[What you are asked to do] The records follow. Transcribe only the lines from the line containing "Dos voces esenciales" through the end, both ends included, and leave out the pictures.

##########

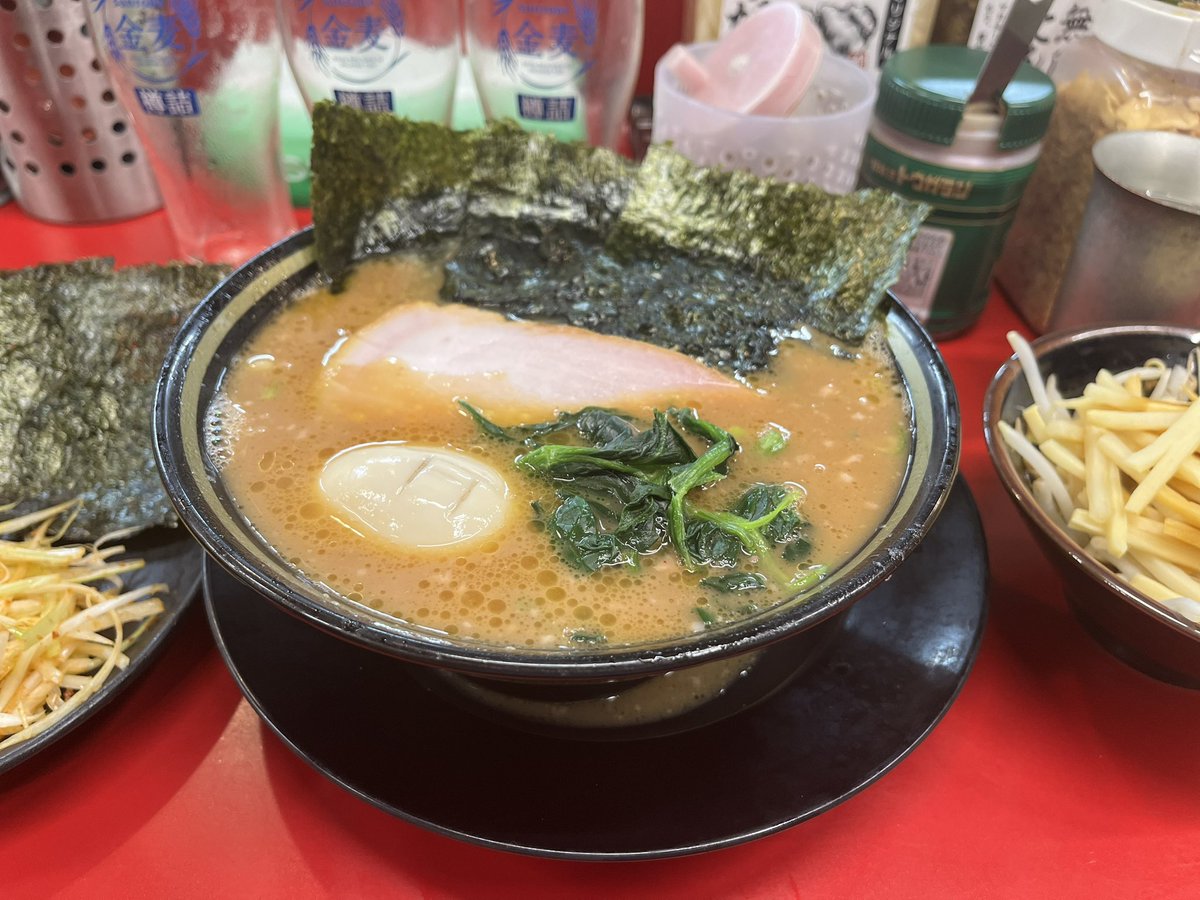 1週間ぶりの夜のIEKEITOKYO王道家直系@御徒町。少し飲んだ後の〆の一杯。もやし+筍をお試しで頂きました。個人的には筍だけでも良いかなと思いましたが、麺や生姜と見分けが付かないと、、確かに笑。スノウさん御用達の中国醤油で色付けも良いか思いました。藤田さん、みなさま、ご馳走さま。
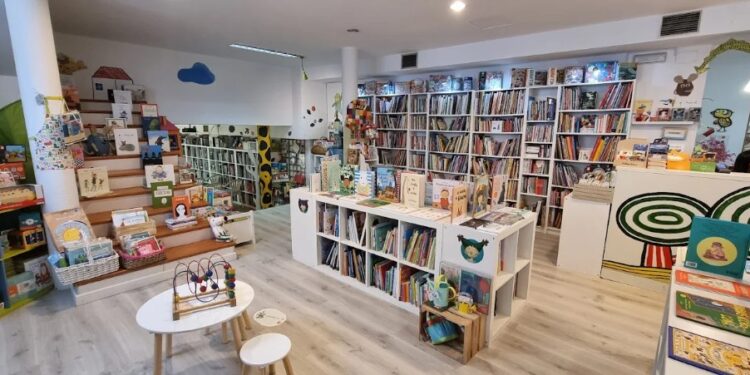 Dos voces esenciales de la literatura infantil dialogan en Vigo sobre imagen y palabra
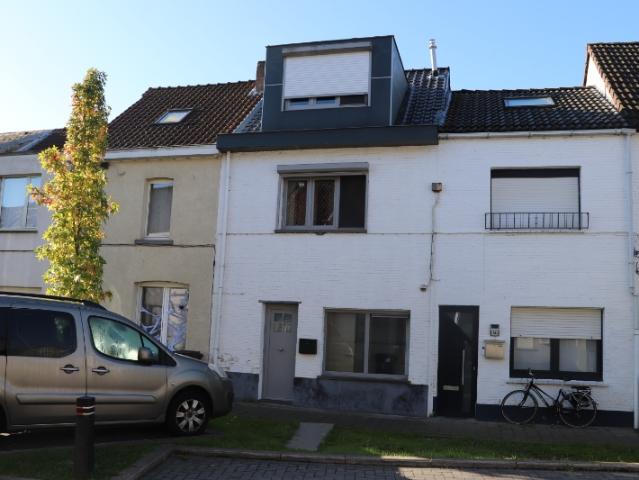 Woning met 3 SLK en tuin met uitwegenis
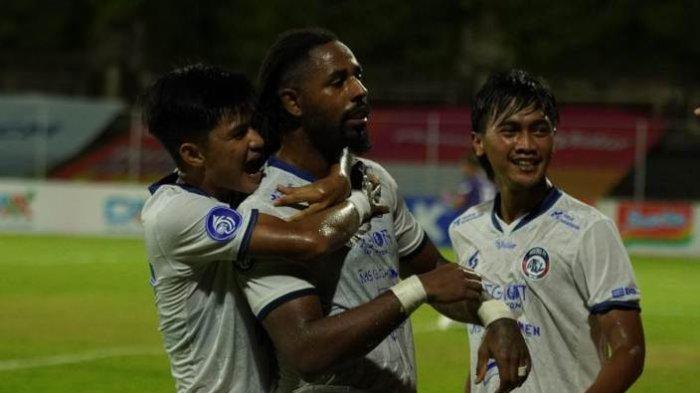 Striker Arema FC Carlos Fortes (tengah) selebrasi seusai menjebol gawang Persita Tangerang, Selasa (15/2/2022).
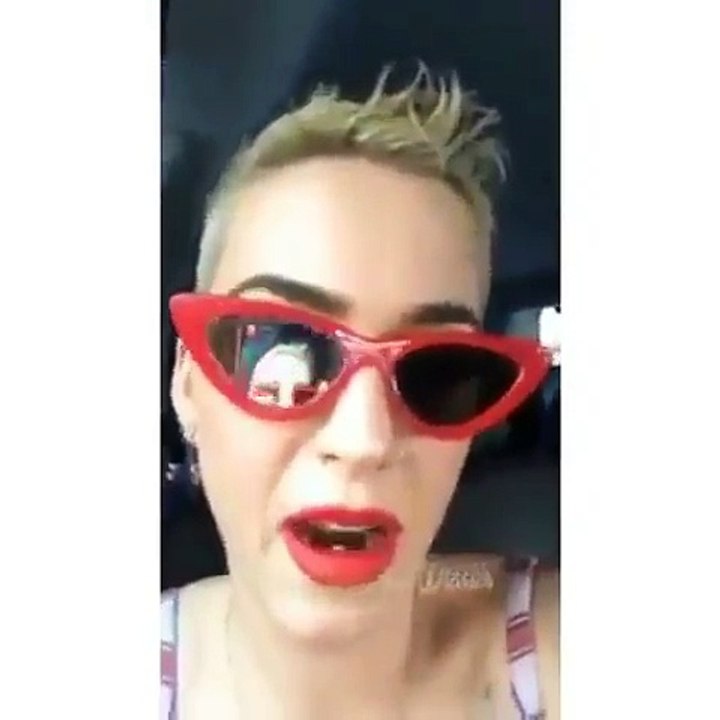 Katy Perry - Barack Obama joke gets major backlash! HOT Pop singer got slammed by haters and fans!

##########

[Reply to the task]
 Dos voces esenciales de la literatura infantil dialogan en Vigo sobre imagen y palabra
 Woning met 3 SLK en tuin met uitwegenis
 Striker Arema FC Carlos Fortes (tengah) selebrasi seusai menjebol gawang Persita Tangerang, Selasa (15/2/2022).
 Katy Perry - Barack Obama joke gets major backlash! HOT Pop singer got slammed by haters and fans!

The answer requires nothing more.